| PROBLEM REQUIREMENTS |
Everything from the line that contains "Bola Feijão 90 X 45cm - Liveup - Azul" to the final line of the data, both ends included, must be set down exactly, apart from the pictures.
### RAW DATA ###
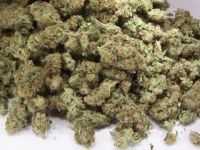 Kıbrıslı Türk uyuşturucudan tutuklandı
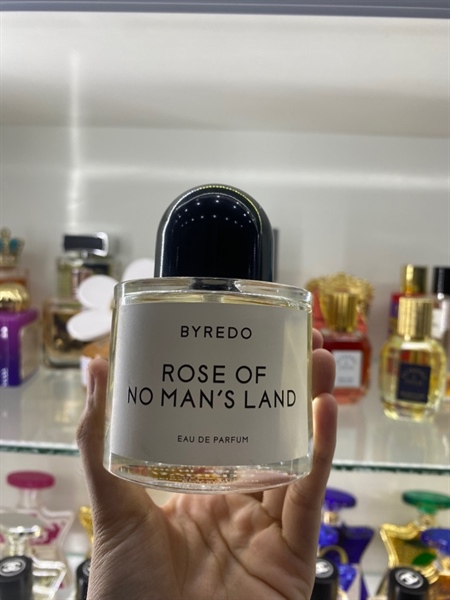 Nước hoa Byredo Rose Of No Man's Land - EDP - 100ml - Body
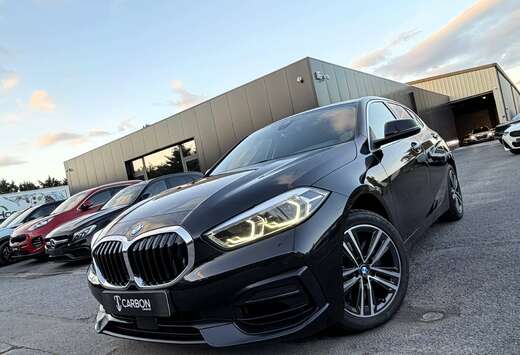 BMW iA Line SPORT Sièges SPORT/NAVI PRO/COCKPIT/FULL ...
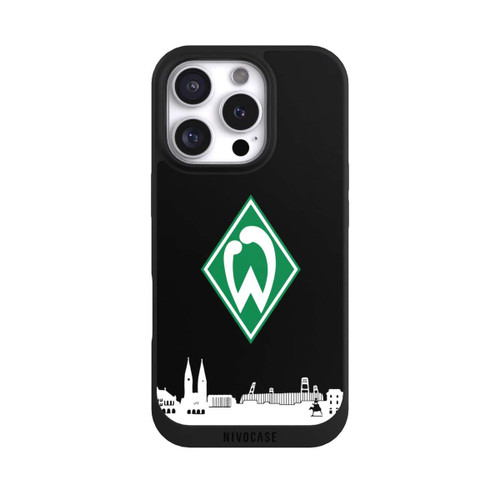 Apple iPhone 16 Pro NIVOpure WB Skyline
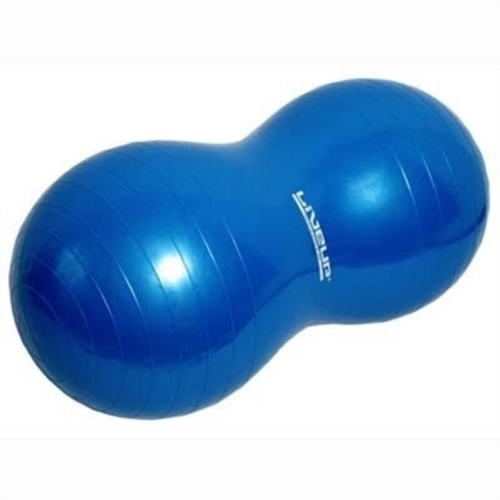 Bola Feijão 90 X 45cm - Liveup - Azul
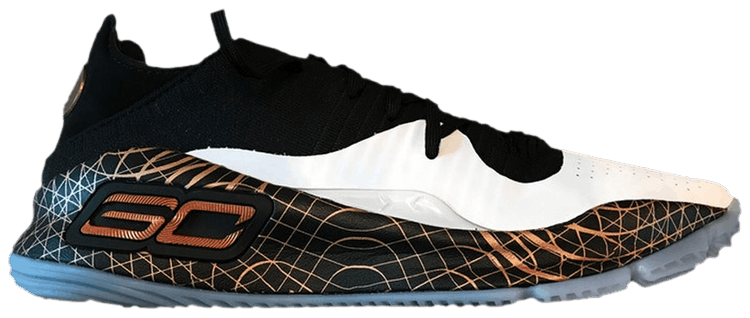 curry 4 low elemental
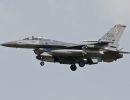 aviano july 16  2011 oup184 f 16cm 91 0345 77thfs 20thfw  shaw afb  south carolina rtb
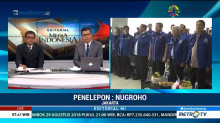 Bedah Editorial MI: Kegagalan Partai Politik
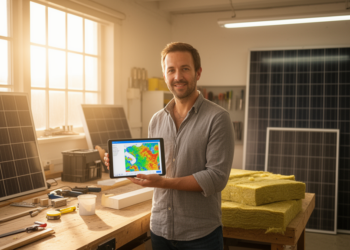 Machine Learning Maps How Ready Small Firms Are for the Net Zero Transition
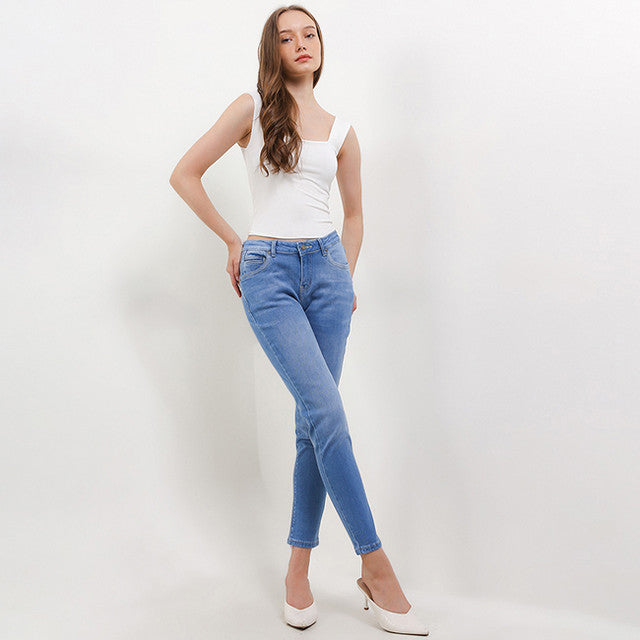 Ortensa In Blue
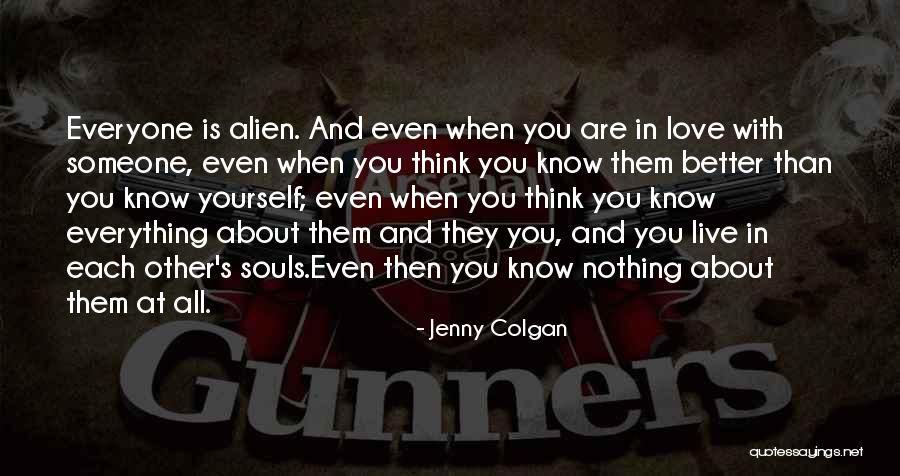 Jenny Colgan Quotes 788792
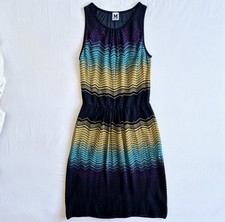 MISSONI Kleid IT42/34 36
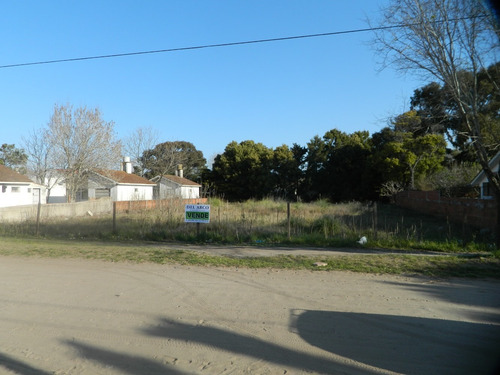 Imagen 4 de 5 de Venta Terreno - Calle 75 Entre 3 Y 4 Mar Del Tuyu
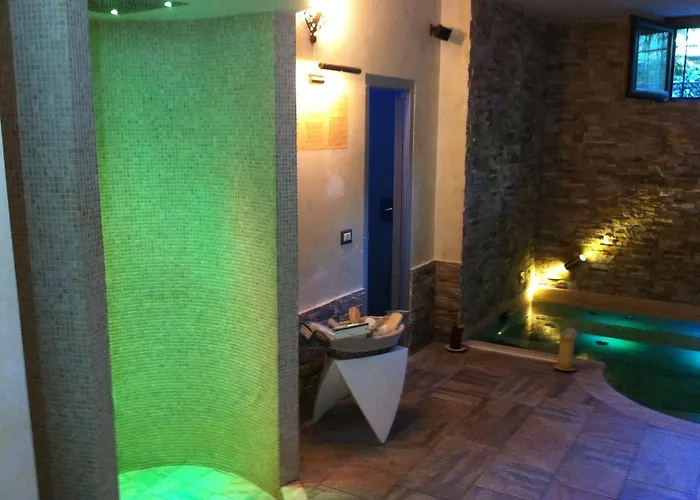 Aurelia Garden Gold 4*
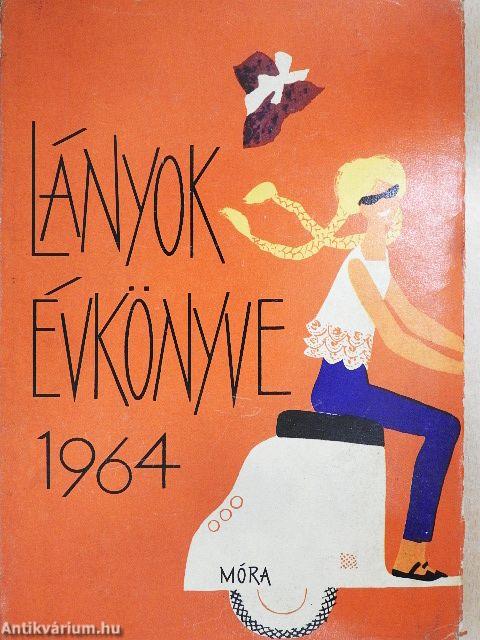 Lányok Évkönyve 1964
###
| SOLUTION TO THIS PROBLEM |
 Bola Feijão 90 X 45cm - Liveup - Azul
 curry 4 low elemental
 aviano july 16  2011 oup184 f 16cm 91 0345 77thfs 20thfw  shaw afb  south carolina rtb
 Bedah Editorial MI: Kegagalan Partai Politik
 Machine Learning Maps How Ready Small Firms Are for the Net Zero Transition
 Ortensa In Blue
 Jenny Colgan Quotes 788792
 MISSONI Kleid IT42/34 36
 Imagen 4 de 5 de Venta Terreno - Calle 75 Entre 3 Y 4 Mar Del Tuyu
 Aurelia Garden Gold 4*
 Lányok Évkönyve 1964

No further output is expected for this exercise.